That 3x increase in the work of compression not only costs energy, it would also cost a gas utility big money, since it would mean that every compressor in their network would need to be replaced with a new unit with 3x as much power, and also physically larger- with 3x the suction displacement. And since hydrogen is so notoriously leaky, the hydrogen volumetric flowrate is higher for a given heat flow in the pipe line etc., the compressors would need to be totally different machines- considerably more expensive ones.

Hydrogen is, already, round numbers, about 37% best case in cycle efficiency when starting and ending with electricity. Whereas natural gas and electricity are roughly the same cost and efficiency to distribute on a per unit energy basis, hydrogen is going to cost about 3x what natural gas costs in lost energy, just to move the gas. And since the downstream equipment is only 50-60% efficient at producing electricity again, you’re going to have to move roughly twice as MUCH hydrogen energy to destination to do the same job as if you moved electricity instead. That’s forgetting about the extra capital cost that would also need to be spent.

Pressure Drop in Piping- A Wash

You’d think that you’d suffer an additional penalty moving hydrogen through piping once you’d gotten it up to the desired pressure- that was certainly my first impression. But as it turns out, the answer to that question is quite complex, and it depends on what conditions you run the calculations at. Hydrogen is less dense, less viscous, and more energy dense per unit mass than natural gas. But when you run the pressure drop calculations at the sorts of velocities and pressure drops used in pipelines which carry gases long distances (where pressure drops are on the order of 5 psi per mile of pipe, rather than the 5 psi per 100 ft of pipe that might be typical in a chemical plant’s piping), hydrogen and natural gas come out nearly even at a given rate of LHV heat delivered per hour down a pipe of given size. That does change at different points in the distribution system, and to a 1st approximation, the average works out to an existing gas pipe being able to carry about 90% of the energy n the form of hydrogen that it could carry if it were fed the average natural gas it was designed for. The velocity will be about three times higher, but the density is 1/8.5x as much, and together with the modestly lower viscosity, the factors nearly cancel one another out. However, since every kWh of energy lost due to friction in the pipeline has to come from a compressor, that still means that hydrogen costs about 3x as much per unit of energy to move from source to destination in a pipeline.

“Line Pack”- What’s That? Another Problem…

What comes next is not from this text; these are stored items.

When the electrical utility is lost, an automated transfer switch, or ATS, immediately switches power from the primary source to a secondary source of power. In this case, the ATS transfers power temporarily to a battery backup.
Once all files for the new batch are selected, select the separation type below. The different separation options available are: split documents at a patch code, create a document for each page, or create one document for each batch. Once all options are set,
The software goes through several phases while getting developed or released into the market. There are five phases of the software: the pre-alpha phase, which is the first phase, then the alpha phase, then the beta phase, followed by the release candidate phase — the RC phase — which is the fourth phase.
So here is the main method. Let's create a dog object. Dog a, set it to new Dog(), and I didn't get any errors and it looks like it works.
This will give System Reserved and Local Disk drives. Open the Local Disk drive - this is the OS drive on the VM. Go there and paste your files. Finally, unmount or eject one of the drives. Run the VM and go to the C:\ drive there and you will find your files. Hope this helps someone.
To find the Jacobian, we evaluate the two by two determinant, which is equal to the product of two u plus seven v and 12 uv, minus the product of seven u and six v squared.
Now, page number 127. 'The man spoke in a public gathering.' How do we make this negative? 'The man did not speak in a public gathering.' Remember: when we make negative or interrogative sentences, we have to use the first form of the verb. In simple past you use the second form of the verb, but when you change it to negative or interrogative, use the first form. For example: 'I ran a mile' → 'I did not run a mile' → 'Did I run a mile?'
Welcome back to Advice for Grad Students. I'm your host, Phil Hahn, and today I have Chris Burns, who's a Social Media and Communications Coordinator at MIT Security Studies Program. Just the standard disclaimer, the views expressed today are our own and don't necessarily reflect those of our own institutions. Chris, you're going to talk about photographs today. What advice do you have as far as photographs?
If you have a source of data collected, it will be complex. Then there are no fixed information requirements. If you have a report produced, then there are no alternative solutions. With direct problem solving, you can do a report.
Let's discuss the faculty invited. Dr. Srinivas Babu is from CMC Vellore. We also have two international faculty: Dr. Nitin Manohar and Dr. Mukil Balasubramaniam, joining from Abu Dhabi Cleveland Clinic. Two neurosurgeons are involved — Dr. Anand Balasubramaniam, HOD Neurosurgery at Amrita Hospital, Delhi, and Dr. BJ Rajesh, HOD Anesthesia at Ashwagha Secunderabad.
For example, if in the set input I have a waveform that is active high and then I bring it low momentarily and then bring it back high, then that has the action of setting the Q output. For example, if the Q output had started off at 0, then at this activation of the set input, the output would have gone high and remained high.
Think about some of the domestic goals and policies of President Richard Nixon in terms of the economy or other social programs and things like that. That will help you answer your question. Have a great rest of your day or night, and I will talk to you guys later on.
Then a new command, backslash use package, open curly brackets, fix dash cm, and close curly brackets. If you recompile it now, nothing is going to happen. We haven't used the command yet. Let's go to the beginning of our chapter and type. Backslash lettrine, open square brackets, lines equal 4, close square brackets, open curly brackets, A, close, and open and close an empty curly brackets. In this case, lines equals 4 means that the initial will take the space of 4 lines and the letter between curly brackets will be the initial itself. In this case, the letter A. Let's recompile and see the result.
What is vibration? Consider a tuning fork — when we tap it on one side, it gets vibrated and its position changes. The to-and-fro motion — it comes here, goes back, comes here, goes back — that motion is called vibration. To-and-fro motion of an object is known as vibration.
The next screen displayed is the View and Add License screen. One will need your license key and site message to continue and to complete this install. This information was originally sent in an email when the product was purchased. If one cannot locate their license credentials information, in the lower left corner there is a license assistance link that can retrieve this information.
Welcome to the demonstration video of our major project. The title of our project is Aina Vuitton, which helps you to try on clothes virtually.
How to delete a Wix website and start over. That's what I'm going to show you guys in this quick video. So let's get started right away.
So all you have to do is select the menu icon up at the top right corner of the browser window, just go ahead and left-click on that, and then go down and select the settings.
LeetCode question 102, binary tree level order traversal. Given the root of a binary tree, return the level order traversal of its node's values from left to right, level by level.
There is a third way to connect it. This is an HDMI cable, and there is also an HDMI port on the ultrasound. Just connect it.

As I promise my readers, I EDIT my articles when they teach me new things or point out my mistakes. And a knowledgeable connection brought to my attention this rather major problem that is a result of hydrogen’s lower energy density per unit volume. “Line pack” is the name given to the amount of natural gas stored in the piping distribution system itself. And unless we increase the pressure of the distribution system- which we cannot do without new pipe- we will lose that storage. A typical gas system apparently can handle about 3-4 hours of average demand just using stored gas in the lines. Pure hydrogen, being 1/3 as dense in energy per unit volume, would reduce that to ~ 1 hour. That could mean a giant difference in distribution system reliability, the frequency and duration of outages, and the ability of the grid as it exists to handle variations in demand- the big spike when everybody gets home, cranks up their furnaces or boilers and turns on their cooktops for instance.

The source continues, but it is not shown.